YOUR ASSIGNMENT: In the listing below, find the line containing "Madonna and Child" and the line containing "Danxen Pánské Saná", then copy exactly everything from the first through the second, except the pictures.

THE DATA:
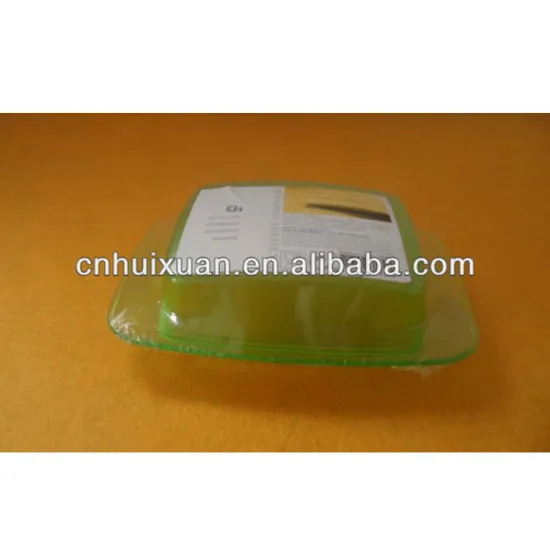 clear rectangle plastic butter box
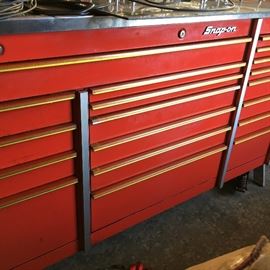 Snap on 6 foot roller box full of snap on tools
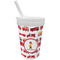 Firetrucks Sippy Cup with Straw (Personalized)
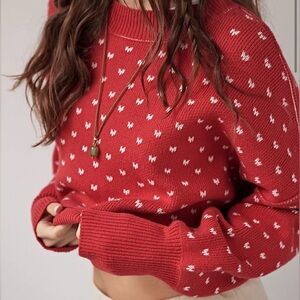 NWT Free People Heart Sweater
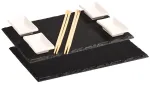 Kesper akaatsiapuust serveerimisaluste komplekt, 2 tk, 30 x 15 x 1,5 cm, looduslik &otilde;litatud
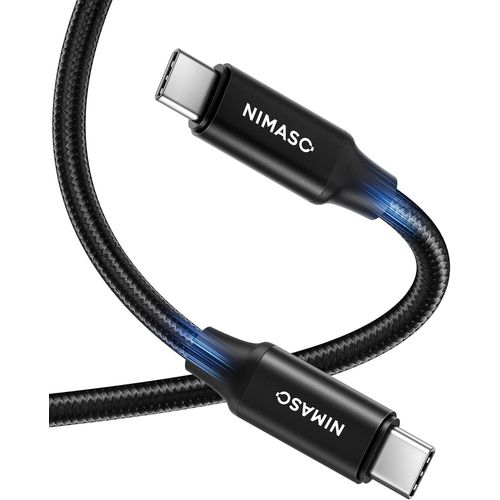 Cble USB C vers USB C 3.1 Gen 2 10 Gbit/s-Transfert de donnes 100 W 20 V/5 A-Cble de charge rapide 2 m-Transmission vido 4K @ 60 Hz pour ordinateur portable,Thunderbolt 3,MacBook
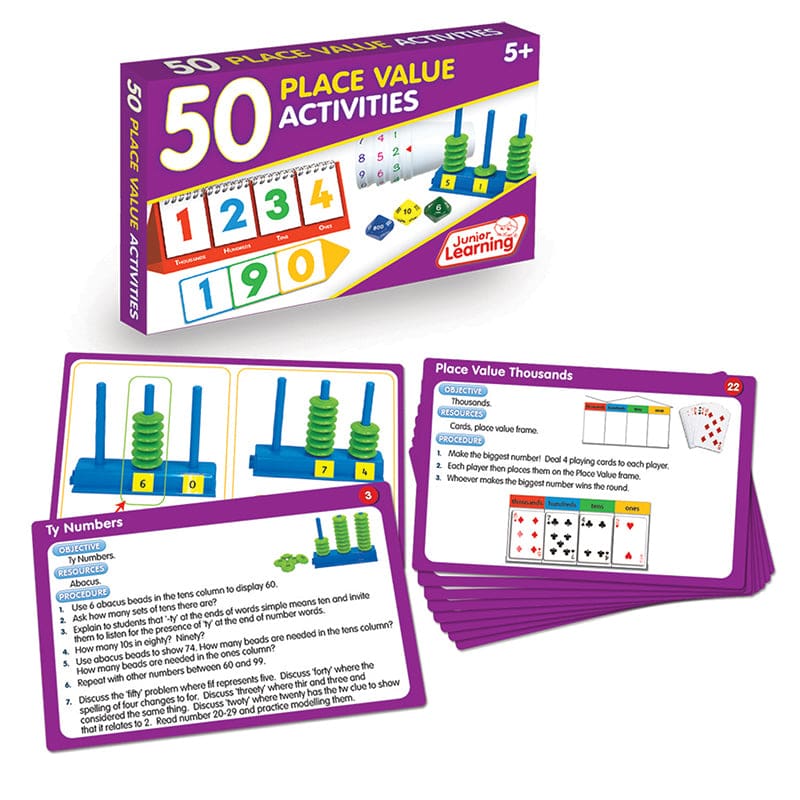 50 Place Value Activities (Pack of 3) - Place Value - Junior Learning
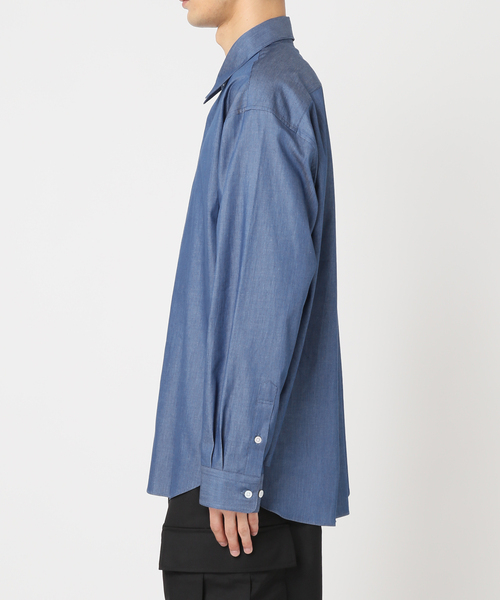 417 EDIFICE（フォーワンセブンエディフィス）の「【LE JAPON】 Akita レギュラーカラーデニムシャツ（シャツ/ブラウス・メンズ・コバルトブルー/ブルー系その他・LARGE/MEDIUM/SMALL）」の17枚目の写真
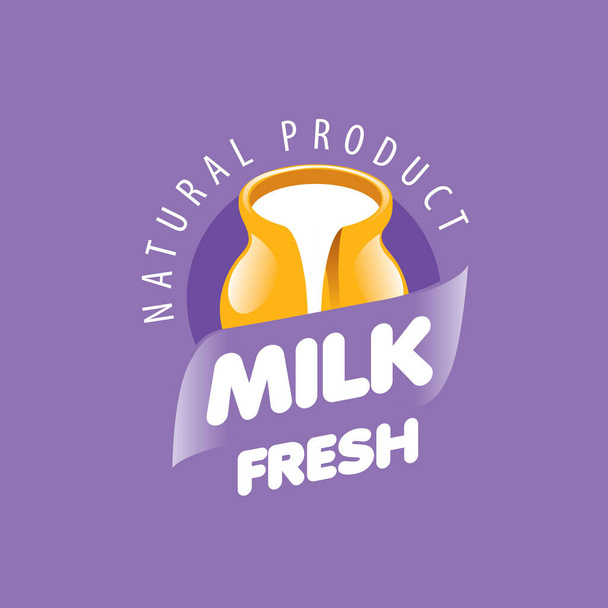 ベクトルのロゴのミルク - ベクター画像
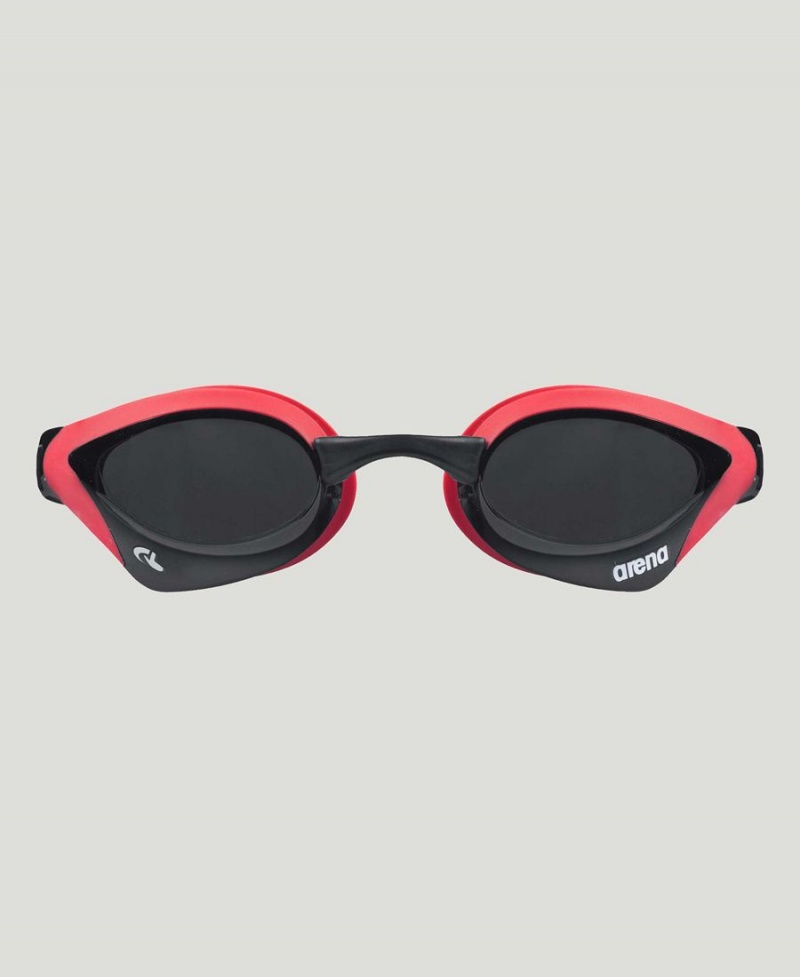 Lunette Natation Arena Cobra Core Swipe Noir Rouge | XHI-57436260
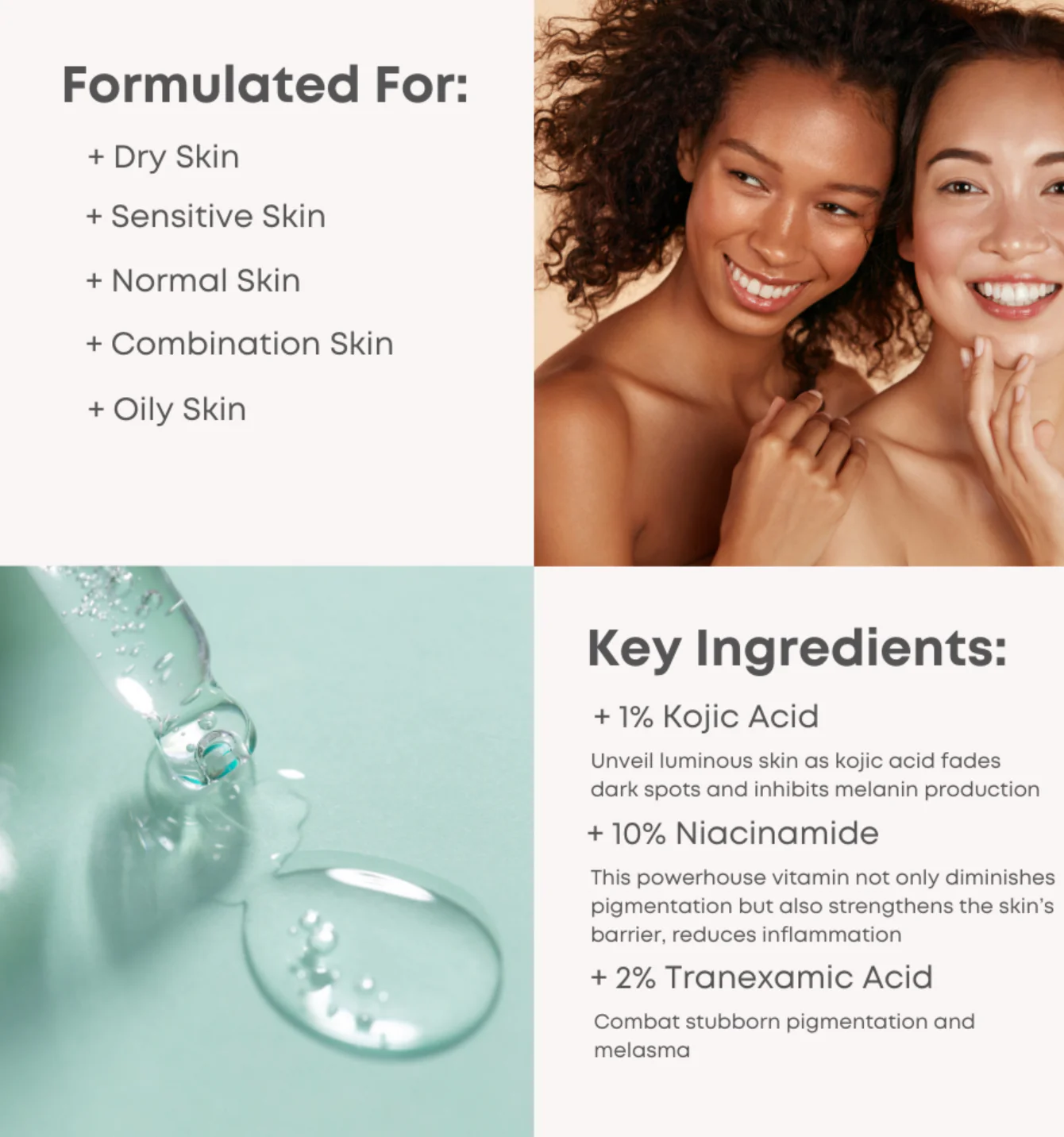 Nineless  B-Boost 1% Kojic Acid Serum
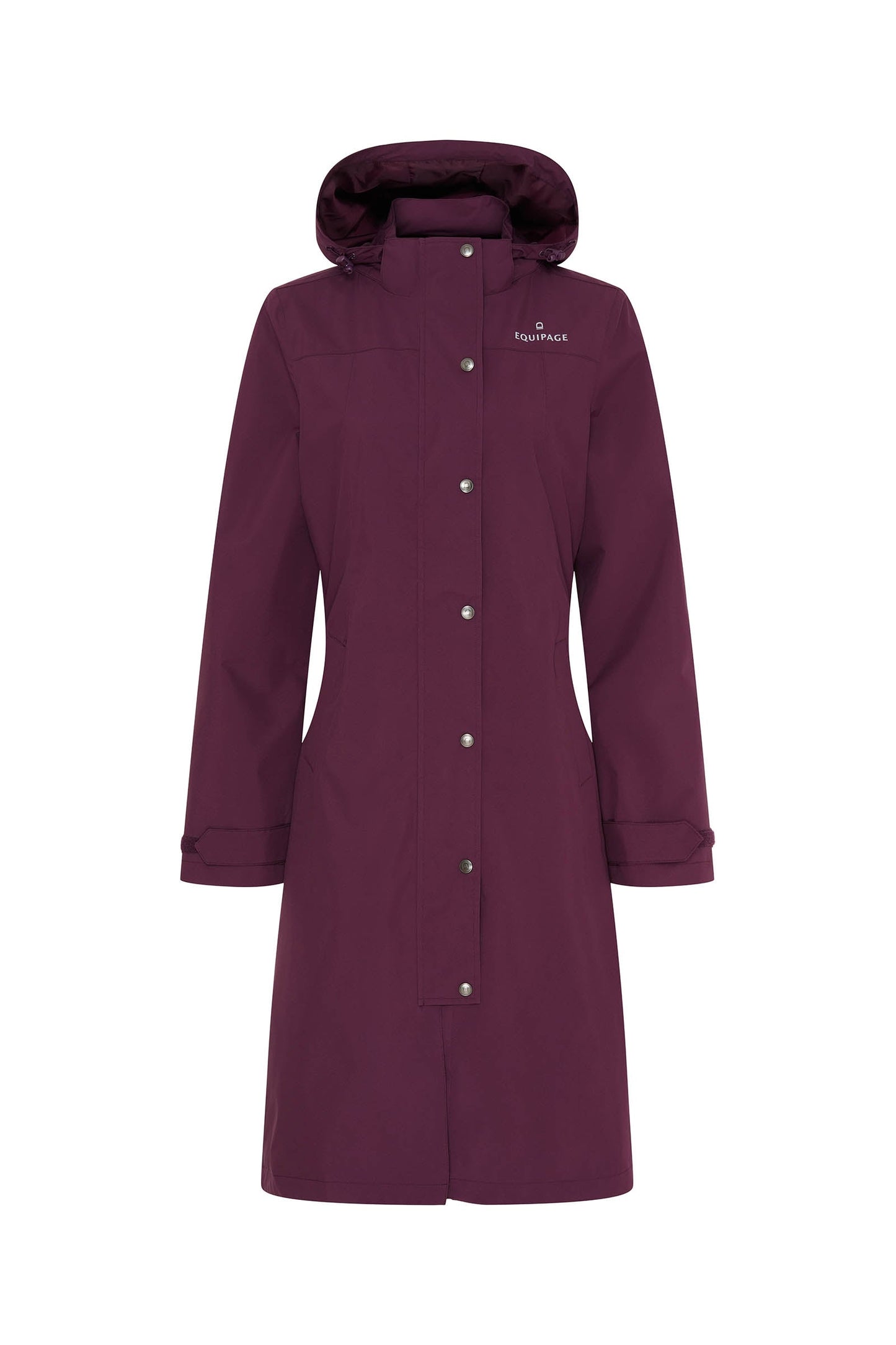Heaven Padded Long Rain Coat Italian Plum S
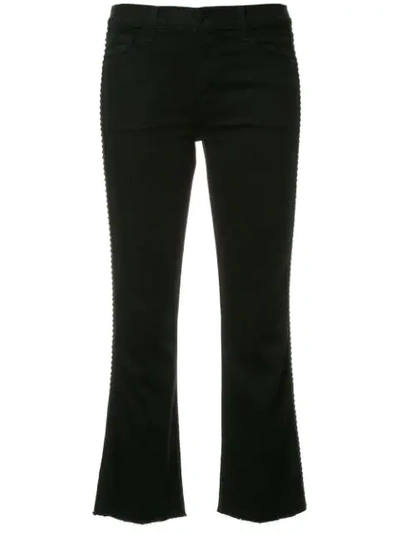 J Brand Cropped Flare Jeans In Black
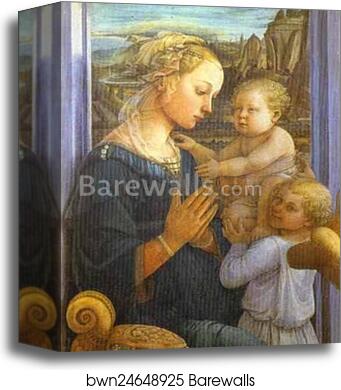Madonna and Child with Angels by Fra Filippo Lippi, Canvas Print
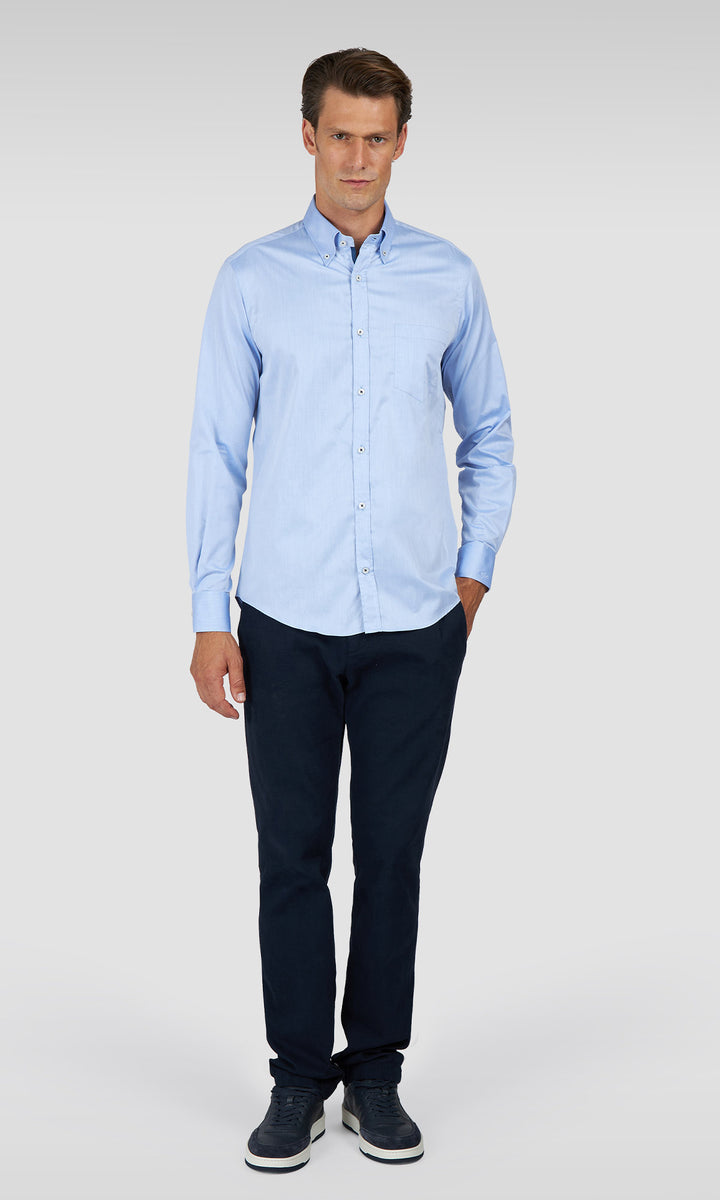 Paul & Shark Cotton Twill Shirt | Blue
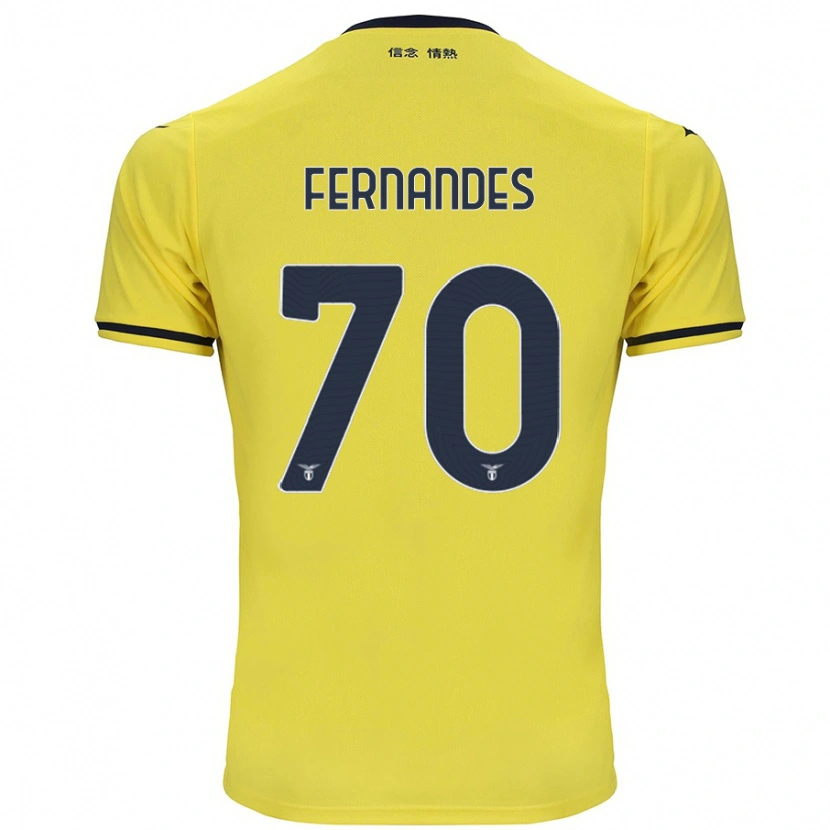 Danxen Pánské Saná Fernandes #70 Žluť Daleko Hráčské Dresy 2024/25 Dres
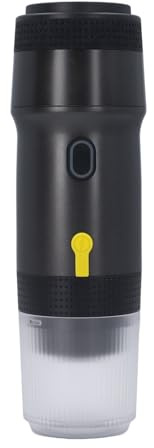 Luqeeg Portátil, Eléctrica 3 en 1 20 Bares Calentamiento Rápido Espresso Eléctrica Máquina de Café con Carga USB para Camping, Viajes, Senderismo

SOLUTION FOR THIS EXERCISE:
Madonna and Child with Angels by Fra Filippo Lippi, Canvas Print
 Paul & Shark Cotton Twill Shirt | Blue
 Danxen Pánské Saná Fernandes #70 Žluť Daleko Hráčské Dresy 2024/25 Dres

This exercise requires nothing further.